* What the task requires
Reproduce exactly the lines from the one containing "Los buenos demonios - Spanish Movie Poster" through the last line of the records below, both included. Leave out any pictures.

Brief descriptive captions

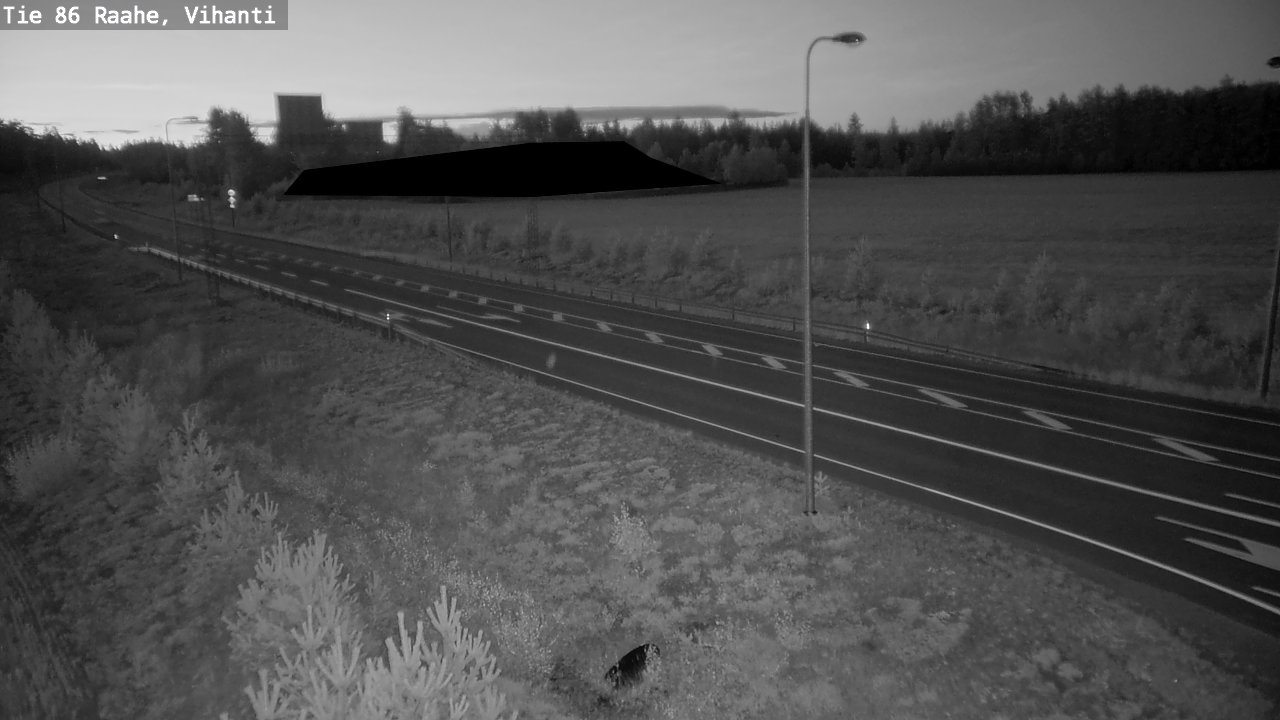 Kelikamerat Kuva Tie 86 Raahe, Vihanti, Raahe, Pohjois-Pohjanmaa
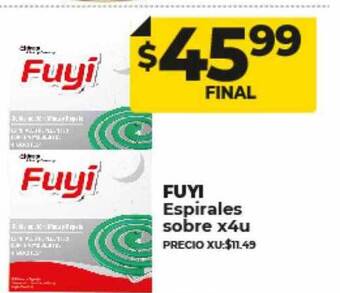 Supermayorista Vital Fuyi espirales sobre oferta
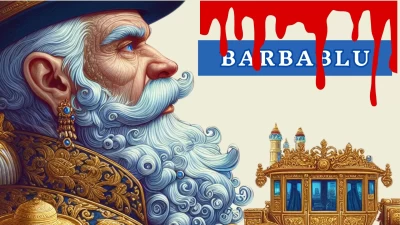 BarbaBlu tradotto da Carlo Collodi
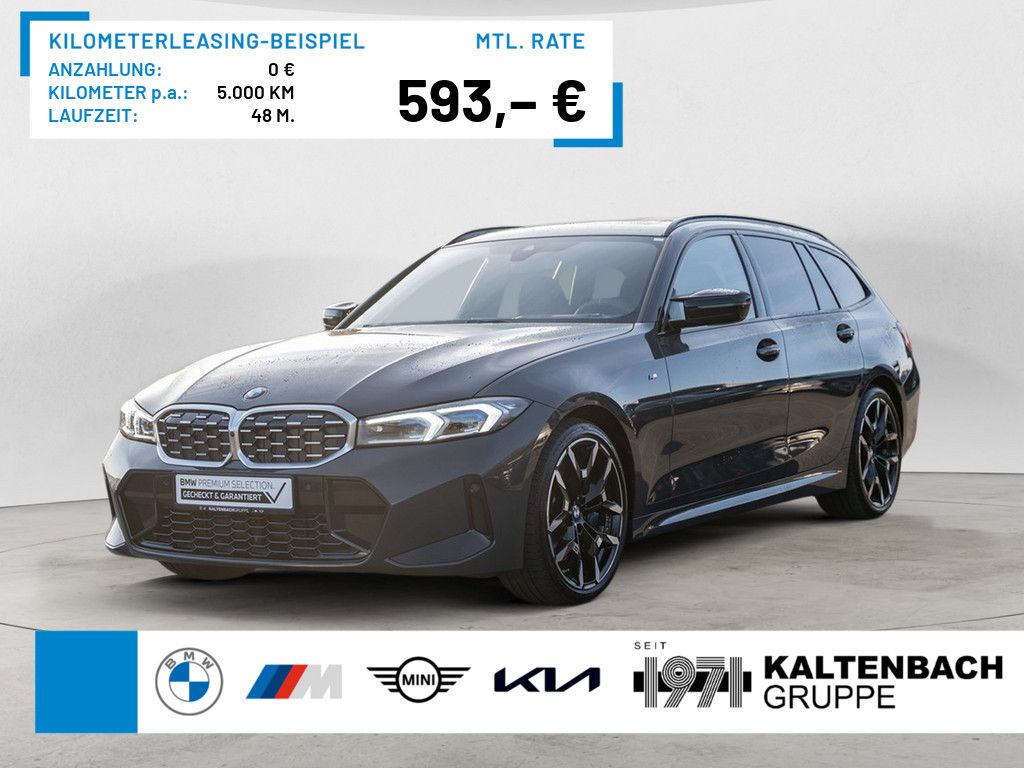 BMW M340d Touring xDrive PANO AHK LED HUD NAVI LEDER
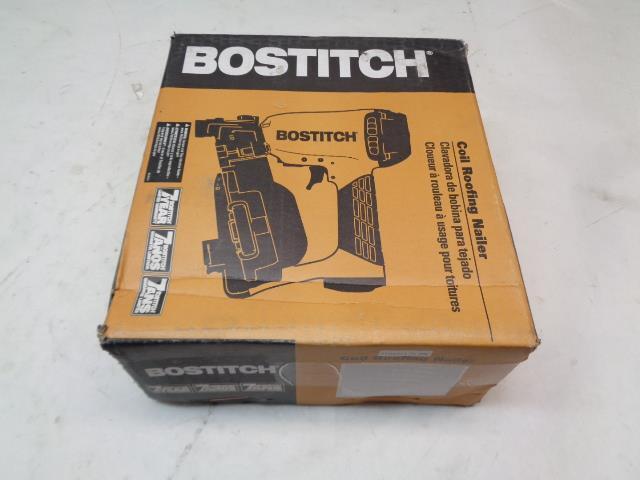 BOSTITCH PNEUMATIC COIL ROOFING NAILER RN46-1 BSR35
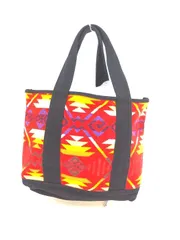 ペンドルトン PENDLETON ウール切替 キャンバストートバッグ メンズ のサムネイル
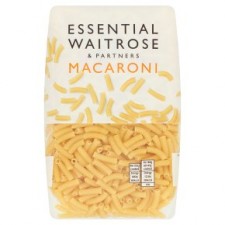 Waitrose Essential Macaroni 500g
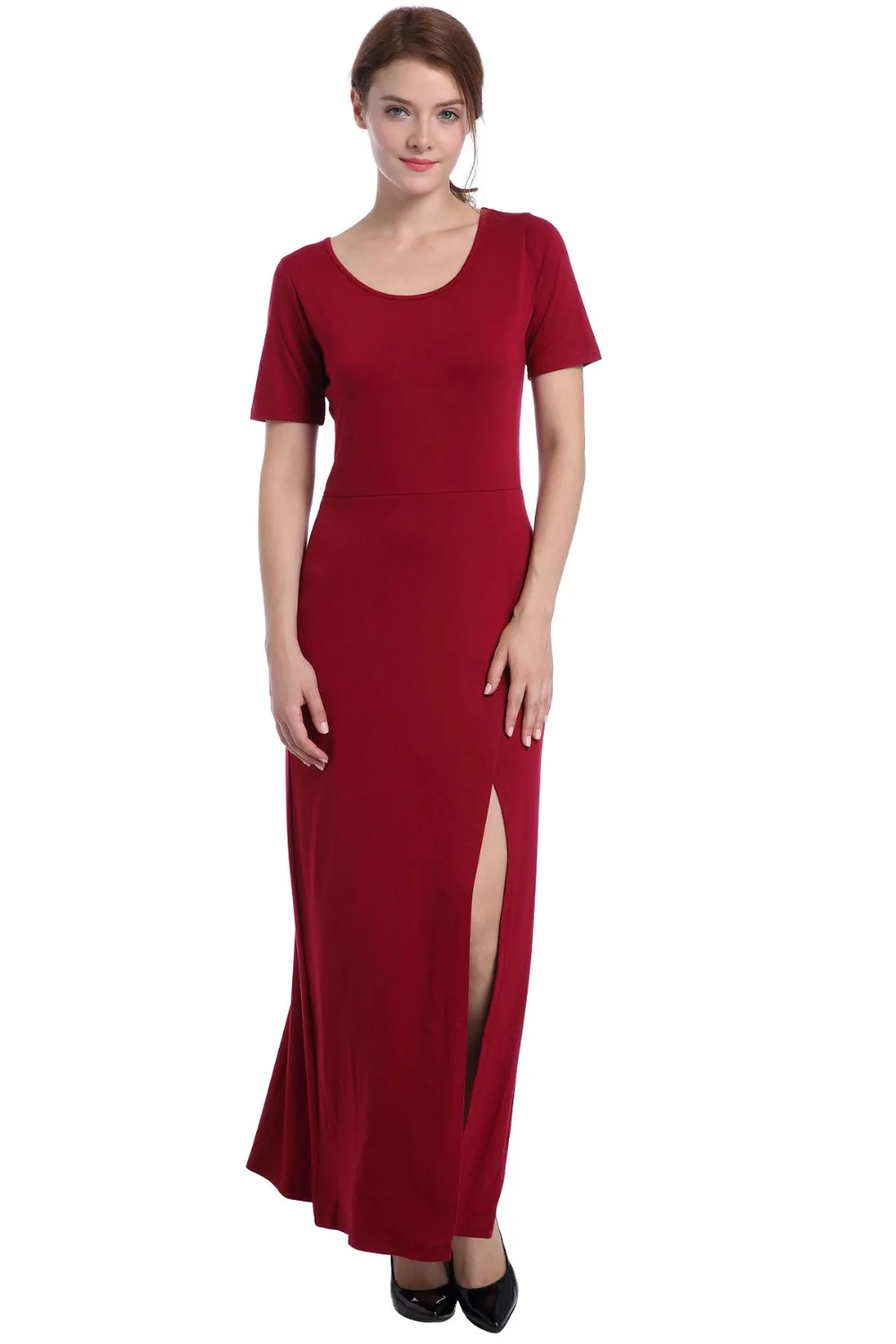 Женская сексуальная одежда осенний стиль длинные облегающие платья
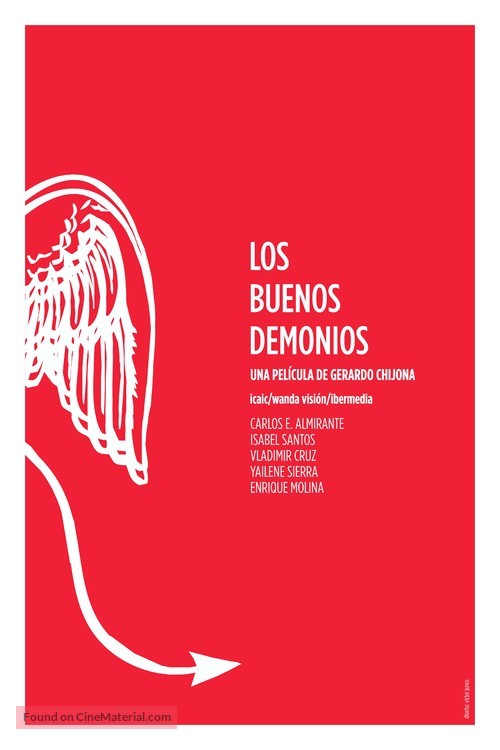 Los buenos demonios - Spanish Movie Poster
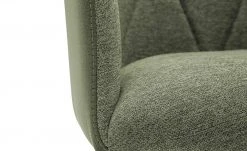 Dine + Mine Polsterstuhl Xalapa | Olivgrün Schwarz Nein -Stuhle Geschaft 15307027 12 202205251237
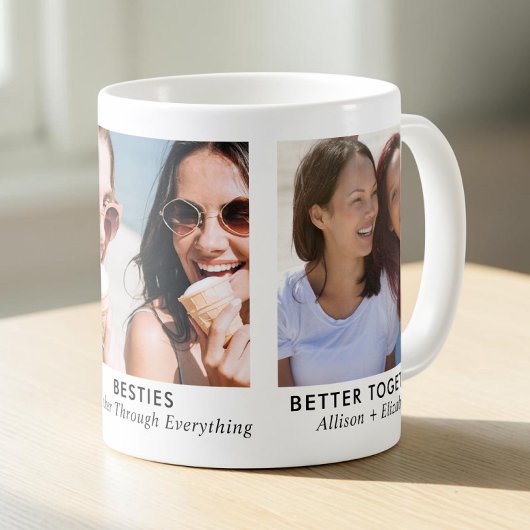 Mug Meilleures Amies 3 Photos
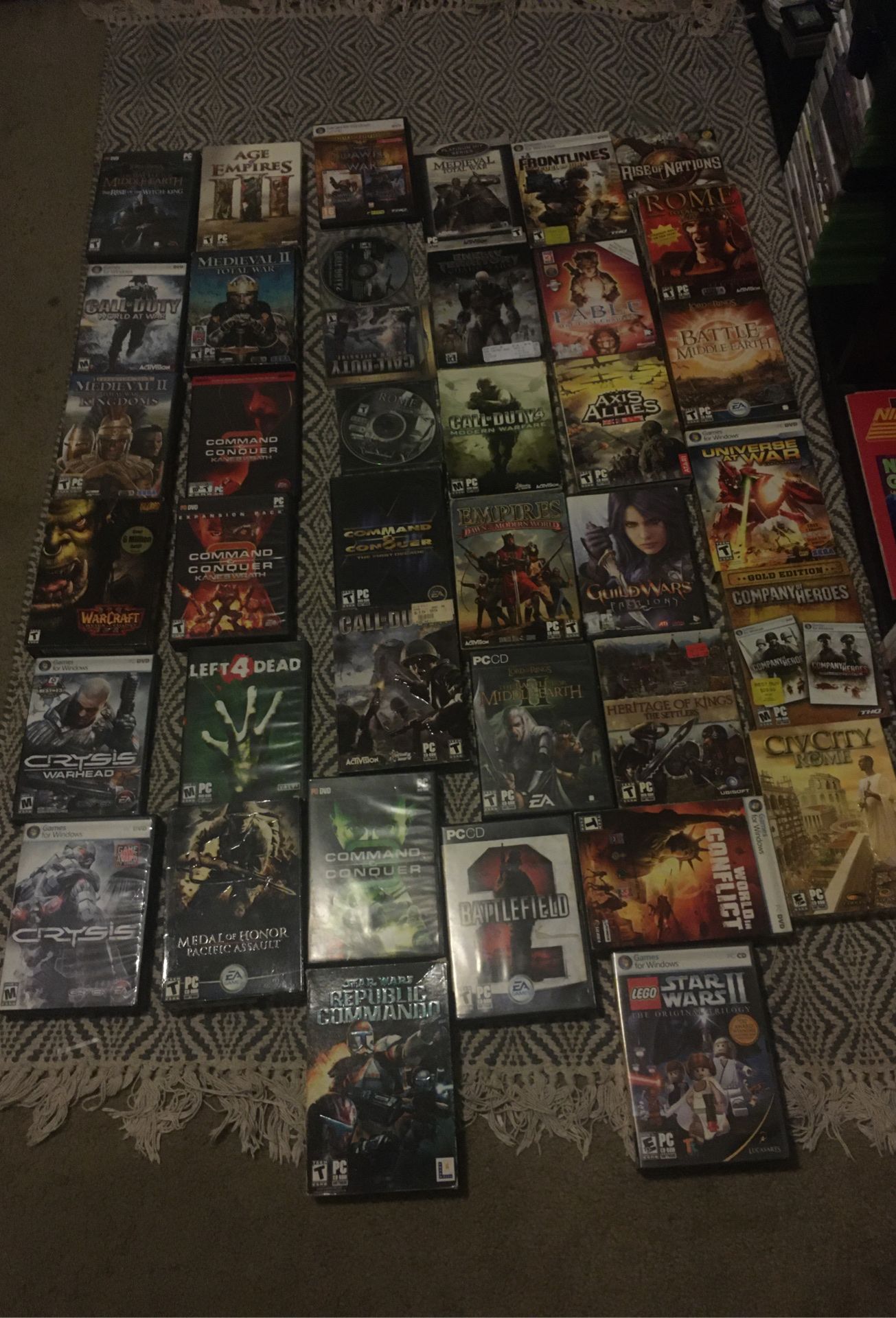 Old pc games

* Exercise response
 Los buenos demonios - Spanish Movie Poster
 Dine + Mine Polsterstuhl Xalapa | Olivgrün Schwarz Nein -Stuhle Geschaft 15307027 12 202205251237
 Mug Meilleures Amies 3 Photos
 Old pc games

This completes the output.